The pre-holiday bathing of children in a respectable city family is suddenly cut short when the nanny grabs an axe and beheads one of the girls. The ending of the story is just as abrupt – after a series of sudden deaths, the play is simply left without any characters. Such is the plot of a prominent Russian absurdist Alexander Vvedensky, offered to the audience by the creative team of director Jonas Vaitkus.
In this irrational play, the spirit of waiting for wondrous Christmas reigns, while the characters, relegated to caricatures, flounder and suffer. At the same time, the ensuing bedlam of alogisms, naivety and horror becomes a source of certain sacrality. This is a paradoxical fusion of poetry, metaphysics and linguistic artistry, where the subconscious is more significant than the conscious, and the fragmentary – more expressive than the whole.

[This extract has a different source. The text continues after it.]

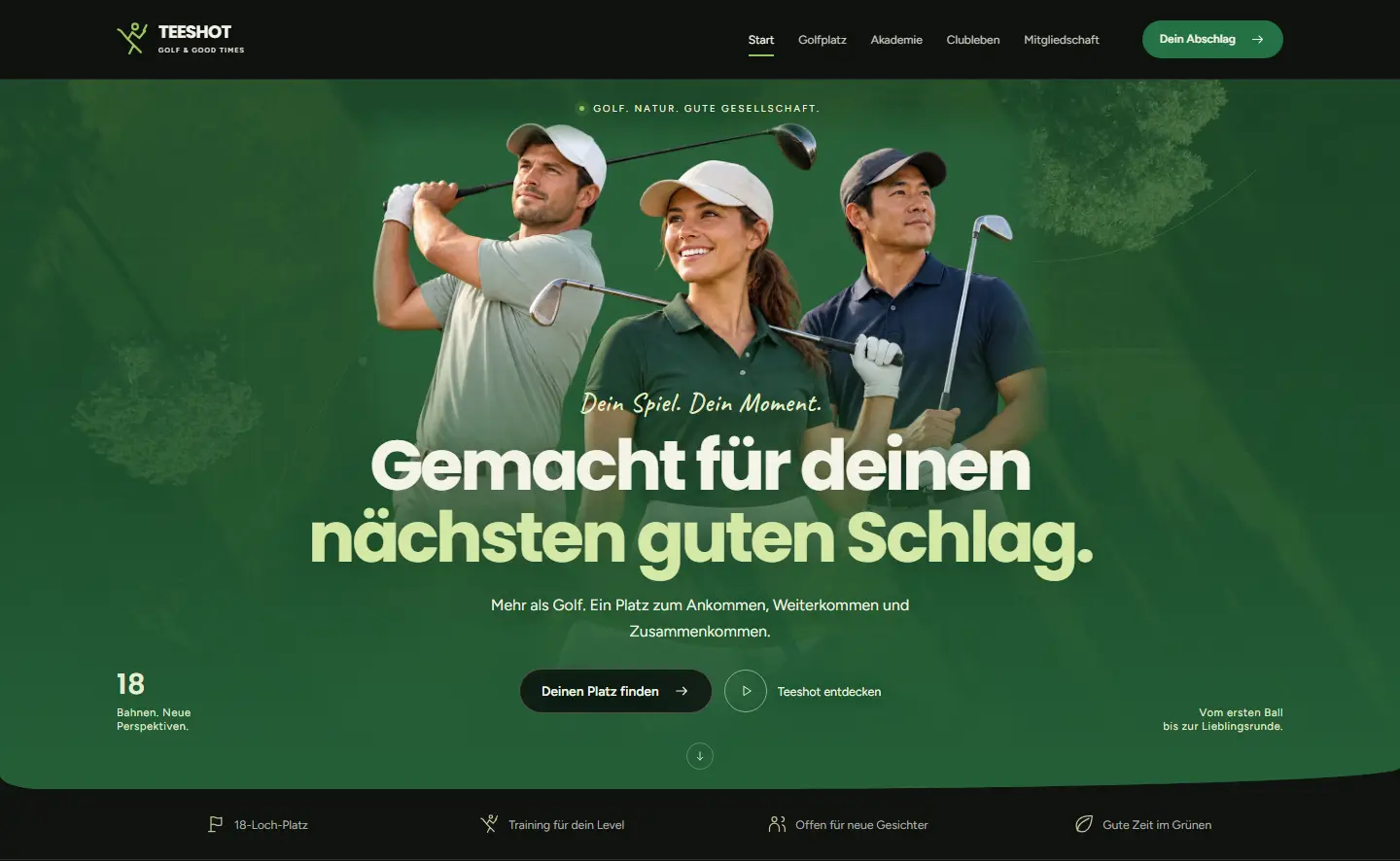 Startseite des Templates Teeshot für Golfclub & Sport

The musical production is performed by fifty actors, led on stage by conductors Vytautas Lukočius and Nelė Kovalenkaitė.
“Vaitkus’s art no longer fits into any kind of cultural boundaries,” writes theatre critic Daiva Šabasevičienė.

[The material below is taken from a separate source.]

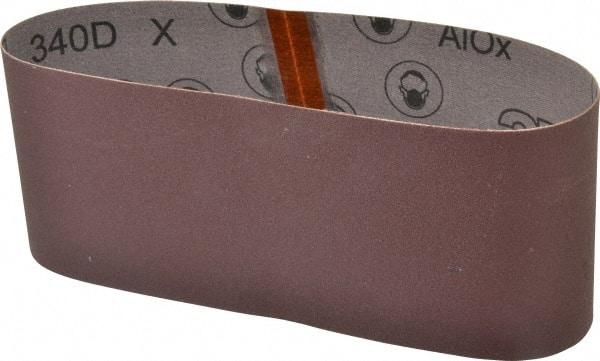 3M - 4" Wide x 24" OAL, 120 Grit, Aluminum Oxide Abrasive Belt - Aluminum Oxide, Fine, Coated, X Weighted Cloth Backing, Series 240D - Exact Tool & Supply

“This time, Vaitkus concretises his global idiocy manifesto, which he has signed many times over,” thinks theatre critic Šarūnė Trinkūnaitė.
“This style, this synthetic and solemnly tragic action, this half-opera and half-performance meets precisely the needs of the times: how to combine avant-garde with showmanship without lapsing into a comfortable relationship with the audience,” writes Russian theatre critic Pavel Rudnev.